Data under study.
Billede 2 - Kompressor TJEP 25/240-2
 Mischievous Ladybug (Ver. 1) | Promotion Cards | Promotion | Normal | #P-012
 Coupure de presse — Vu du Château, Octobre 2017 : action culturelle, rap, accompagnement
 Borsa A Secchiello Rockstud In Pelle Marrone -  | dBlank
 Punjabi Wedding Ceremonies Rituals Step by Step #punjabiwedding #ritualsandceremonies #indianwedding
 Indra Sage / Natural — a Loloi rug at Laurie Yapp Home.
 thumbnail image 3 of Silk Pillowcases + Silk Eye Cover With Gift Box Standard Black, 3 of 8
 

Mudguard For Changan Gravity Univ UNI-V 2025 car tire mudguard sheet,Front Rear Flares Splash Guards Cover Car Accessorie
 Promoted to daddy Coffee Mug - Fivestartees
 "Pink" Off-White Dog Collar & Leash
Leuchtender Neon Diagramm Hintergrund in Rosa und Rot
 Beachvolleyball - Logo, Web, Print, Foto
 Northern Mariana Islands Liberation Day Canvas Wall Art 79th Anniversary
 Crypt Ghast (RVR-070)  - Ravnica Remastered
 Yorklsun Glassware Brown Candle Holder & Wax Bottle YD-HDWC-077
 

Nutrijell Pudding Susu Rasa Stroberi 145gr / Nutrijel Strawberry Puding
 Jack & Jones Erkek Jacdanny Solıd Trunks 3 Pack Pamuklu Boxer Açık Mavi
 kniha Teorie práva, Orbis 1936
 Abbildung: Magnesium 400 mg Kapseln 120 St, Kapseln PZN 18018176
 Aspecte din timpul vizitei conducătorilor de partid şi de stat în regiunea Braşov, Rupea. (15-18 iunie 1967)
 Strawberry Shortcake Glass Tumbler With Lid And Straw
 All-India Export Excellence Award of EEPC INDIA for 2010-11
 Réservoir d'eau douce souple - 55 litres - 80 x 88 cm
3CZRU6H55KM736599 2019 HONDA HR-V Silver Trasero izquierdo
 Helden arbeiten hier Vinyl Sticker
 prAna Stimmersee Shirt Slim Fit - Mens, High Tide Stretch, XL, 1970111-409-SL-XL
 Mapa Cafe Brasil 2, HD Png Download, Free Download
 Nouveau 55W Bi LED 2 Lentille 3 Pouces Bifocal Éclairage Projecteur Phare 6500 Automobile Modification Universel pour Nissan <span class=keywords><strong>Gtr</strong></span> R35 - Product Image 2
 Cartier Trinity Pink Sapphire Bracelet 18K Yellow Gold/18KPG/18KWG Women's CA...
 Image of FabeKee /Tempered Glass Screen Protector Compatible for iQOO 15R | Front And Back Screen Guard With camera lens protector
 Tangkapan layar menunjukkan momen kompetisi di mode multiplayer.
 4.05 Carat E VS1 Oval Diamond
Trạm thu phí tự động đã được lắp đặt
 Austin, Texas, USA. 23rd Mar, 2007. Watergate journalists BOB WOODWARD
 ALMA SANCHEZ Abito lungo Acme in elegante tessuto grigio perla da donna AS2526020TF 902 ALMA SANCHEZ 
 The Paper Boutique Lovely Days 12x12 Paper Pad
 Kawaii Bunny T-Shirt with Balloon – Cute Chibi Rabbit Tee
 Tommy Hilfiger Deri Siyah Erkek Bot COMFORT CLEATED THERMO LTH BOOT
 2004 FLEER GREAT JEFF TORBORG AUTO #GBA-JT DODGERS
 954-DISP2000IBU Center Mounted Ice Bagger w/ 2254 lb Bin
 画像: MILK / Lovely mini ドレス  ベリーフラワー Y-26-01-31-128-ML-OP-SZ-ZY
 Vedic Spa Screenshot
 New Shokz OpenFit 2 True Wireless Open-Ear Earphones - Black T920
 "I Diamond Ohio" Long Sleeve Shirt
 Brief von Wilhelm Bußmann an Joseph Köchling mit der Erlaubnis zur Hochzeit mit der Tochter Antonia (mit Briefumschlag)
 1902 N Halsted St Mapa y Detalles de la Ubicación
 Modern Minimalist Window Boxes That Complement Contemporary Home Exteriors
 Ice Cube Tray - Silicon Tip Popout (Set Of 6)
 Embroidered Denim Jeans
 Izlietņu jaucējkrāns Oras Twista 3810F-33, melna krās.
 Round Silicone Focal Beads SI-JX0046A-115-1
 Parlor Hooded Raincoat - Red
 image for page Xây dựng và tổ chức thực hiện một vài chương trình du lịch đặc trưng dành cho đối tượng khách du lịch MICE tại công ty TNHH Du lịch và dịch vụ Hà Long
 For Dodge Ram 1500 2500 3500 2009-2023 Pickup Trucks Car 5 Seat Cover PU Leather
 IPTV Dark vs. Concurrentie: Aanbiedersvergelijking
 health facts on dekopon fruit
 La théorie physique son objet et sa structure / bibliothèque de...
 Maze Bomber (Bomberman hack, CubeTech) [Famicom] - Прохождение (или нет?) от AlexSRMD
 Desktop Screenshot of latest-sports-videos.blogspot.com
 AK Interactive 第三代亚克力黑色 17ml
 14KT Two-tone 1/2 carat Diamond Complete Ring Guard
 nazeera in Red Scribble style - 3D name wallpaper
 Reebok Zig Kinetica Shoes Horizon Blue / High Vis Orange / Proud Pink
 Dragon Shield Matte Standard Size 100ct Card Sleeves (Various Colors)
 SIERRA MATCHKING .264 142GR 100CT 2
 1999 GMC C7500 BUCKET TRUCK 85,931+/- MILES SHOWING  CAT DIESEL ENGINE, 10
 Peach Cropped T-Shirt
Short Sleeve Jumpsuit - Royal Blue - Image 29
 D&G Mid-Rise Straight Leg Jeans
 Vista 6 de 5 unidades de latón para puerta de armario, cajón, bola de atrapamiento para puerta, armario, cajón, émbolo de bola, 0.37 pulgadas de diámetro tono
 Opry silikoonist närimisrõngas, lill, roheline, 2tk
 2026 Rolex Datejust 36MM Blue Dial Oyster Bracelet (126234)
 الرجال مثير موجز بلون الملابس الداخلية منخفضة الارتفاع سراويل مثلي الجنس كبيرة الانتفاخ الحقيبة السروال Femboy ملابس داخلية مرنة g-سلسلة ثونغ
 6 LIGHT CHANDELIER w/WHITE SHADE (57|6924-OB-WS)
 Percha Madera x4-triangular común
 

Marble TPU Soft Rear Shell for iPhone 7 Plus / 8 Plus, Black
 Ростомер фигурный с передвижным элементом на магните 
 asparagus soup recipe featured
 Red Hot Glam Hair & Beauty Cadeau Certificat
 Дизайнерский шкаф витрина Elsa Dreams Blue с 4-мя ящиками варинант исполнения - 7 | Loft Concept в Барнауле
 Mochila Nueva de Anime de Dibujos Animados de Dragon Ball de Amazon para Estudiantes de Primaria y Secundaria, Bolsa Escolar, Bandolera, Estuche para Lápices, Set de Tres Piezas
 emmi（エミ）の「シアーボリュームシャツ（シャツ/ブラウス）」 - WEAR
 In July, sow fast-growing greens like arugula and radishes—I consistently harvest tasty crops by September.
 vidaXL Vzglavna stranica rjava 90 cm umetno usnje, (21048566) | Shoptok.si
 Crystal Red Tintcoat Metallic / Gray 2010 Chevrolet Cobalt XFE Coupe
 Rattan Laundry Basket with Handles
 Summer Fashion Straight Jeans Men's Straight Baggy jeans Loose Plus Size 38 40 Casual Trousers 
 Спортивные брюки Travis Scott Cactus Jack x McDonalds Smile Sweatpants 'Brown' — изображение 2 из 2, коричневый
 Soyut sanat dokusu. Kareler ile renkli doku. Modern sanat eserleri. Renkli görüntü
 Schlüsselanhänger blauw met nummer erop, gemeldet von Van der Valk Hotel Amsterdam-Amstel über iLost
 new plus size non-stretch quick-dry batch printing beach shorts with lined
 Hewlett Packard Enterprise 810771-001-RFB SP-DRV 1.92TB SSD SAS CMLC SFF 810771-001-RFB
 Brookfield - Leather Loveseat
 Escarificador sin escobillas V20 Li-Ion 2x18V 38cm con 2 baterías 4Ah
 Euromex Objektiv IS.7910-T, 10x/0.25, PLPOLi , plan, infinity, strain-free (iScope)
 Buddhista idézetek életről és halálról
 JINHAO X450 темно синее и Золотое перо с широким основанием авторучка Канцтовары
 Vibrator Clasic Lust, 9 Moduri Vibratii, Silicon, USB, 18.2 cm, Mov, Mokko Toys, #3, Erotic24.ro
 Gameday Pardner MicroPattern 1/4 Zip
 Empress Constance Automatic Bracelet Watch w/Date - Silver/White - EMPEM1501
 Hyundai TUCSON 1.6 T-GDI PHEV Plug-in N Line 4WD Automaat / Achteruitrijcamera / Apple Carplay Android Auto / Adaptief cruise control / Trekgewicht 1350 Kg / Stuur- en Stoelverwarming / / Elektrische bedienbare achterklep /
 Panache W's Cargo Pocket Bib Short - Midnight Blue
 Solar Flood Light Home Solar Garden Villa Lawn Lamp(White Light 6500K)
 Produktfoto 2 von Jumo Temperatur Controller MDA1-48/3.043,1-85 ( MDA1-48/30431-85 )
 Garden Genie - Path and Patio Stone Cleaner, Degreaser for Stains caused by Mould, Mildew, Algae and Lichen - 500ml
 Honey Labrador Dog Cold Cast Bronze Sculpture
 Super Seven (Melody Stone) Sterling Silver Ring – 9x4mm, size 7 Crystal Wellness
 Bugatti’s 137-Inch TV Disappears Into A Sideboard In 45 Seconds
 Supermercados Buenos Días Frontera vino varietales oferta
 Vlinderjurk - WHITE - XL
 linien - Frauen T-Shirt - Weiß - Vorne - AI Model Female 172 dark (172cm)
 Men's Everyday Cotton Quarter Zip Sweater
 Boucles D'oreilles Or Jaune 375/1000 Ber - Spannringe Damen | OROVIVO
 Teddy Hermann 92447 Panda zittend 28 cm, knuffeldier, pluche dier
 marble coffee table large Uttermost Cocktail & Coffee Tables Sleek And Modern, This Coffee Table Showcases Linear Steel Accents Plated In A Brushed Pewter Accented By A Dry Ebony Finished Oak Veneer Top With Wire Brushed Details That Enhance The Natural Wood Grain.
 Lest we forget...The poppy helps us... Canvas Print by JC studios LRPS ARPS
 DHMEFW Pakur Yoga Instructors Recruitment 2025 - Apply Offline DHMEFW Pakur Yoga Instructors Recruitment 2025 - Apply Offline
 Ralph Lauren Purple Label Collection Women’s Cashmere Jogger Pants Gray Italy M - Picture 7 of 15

Exercise. Repeat exactly, and only, the run of lines from the start of the material above through the line that holds "Nouveau 55W Bi".

Task solution.
Billede 2 - Kompressor TJEP 25/240-2
 Mischievous Ladybug (Ver. 1) | Promotion Cards | Promotion | Normal | #P-012
 Coupure de presse — Vu du Château, Octobre 2017 : action culturelle, rap, accompagnement
 Borsa A Secchiello Rockstud In Pelle Marrone -  | dBlank
 Punjabi Wedding Ceremonies Rituals Step by Step #punjabiwedding #ritualsandceremonies #indianwedding
 Indra Sage / Natural — a Loloi rug at Laurie Yapp Home.
 thumbnail image 3 of Silk Pillowcases + Silk Eye Cover With Gift Box Standard Black, 3 of 8
 

Mudguard For Changan Gravity Univ UNI-V 2025 car tire mudguard sheet,Front Rear Flares Splash Guards Cover Car Accessorie
 Promoted to daddy Coffee Mug - Fivestartees
 "Pink" Off-White Dog Collar & Leash
Leuchtender Neon Diagramm Hintergrund in Rosa und Rot
 Beachvolleyball - Logo, Web, Print, Foto
 Northern Mariana Islands Liberation Day Canvas Wall Art 79th Anniversary
 Crypt Ghast (RVR-070)  - Ravnica Remastered
 Yorklsun Glassware Brown Candle Holder & Wax Bottle YD-HDWC-077
 

Nutrijell Pudding Susu Rasa Stroberi 145gr / Nutrijel Strawberry Puding
 Jack & Jones Erkek Jacdanny Solıd Trunks 3 Pack Pamuklu Boxer Açık Mavi
 kniha Teorie práva, Orbis 1936
 Abbildung: Magnesium 400 mg Kapseln 120 St, Kapseln PZN 18018176
 Aspecte din timpul vizitei conducătorilor de partid şi de stat în regiunea Braşov, Rupea. (15-18 iunie 1967)
 Strawberry Shortcake Glass Tumbler With Lid And Straw
 All-India Export Excellence Award of EEPC INDIA for 2010-11
 Réservoir d'eau douce souple - 55 litres - 80 x 88 cm
3CZRU6H55KM736599 2019 HONDA HR-V Silver Trasero izquierdo
 Helden arbeiten hier Vinyl Sticker
 prAna Stimmersee Shirt Slim Fit - Mens, High Tide Stretch, XL, 1970111-409-SL-XL
 Mapa Cafe Brasil 2, HD Png Download, Free Download
 Nouveau 55W Bi LED 2 Lentille 3 Pouces Bifocal Éclairage Projecteur Phare 6500 Automobile Modification Universel pour Nissan <span class=keywords><strong>Gtr</strong></span> R35 - Product Image 2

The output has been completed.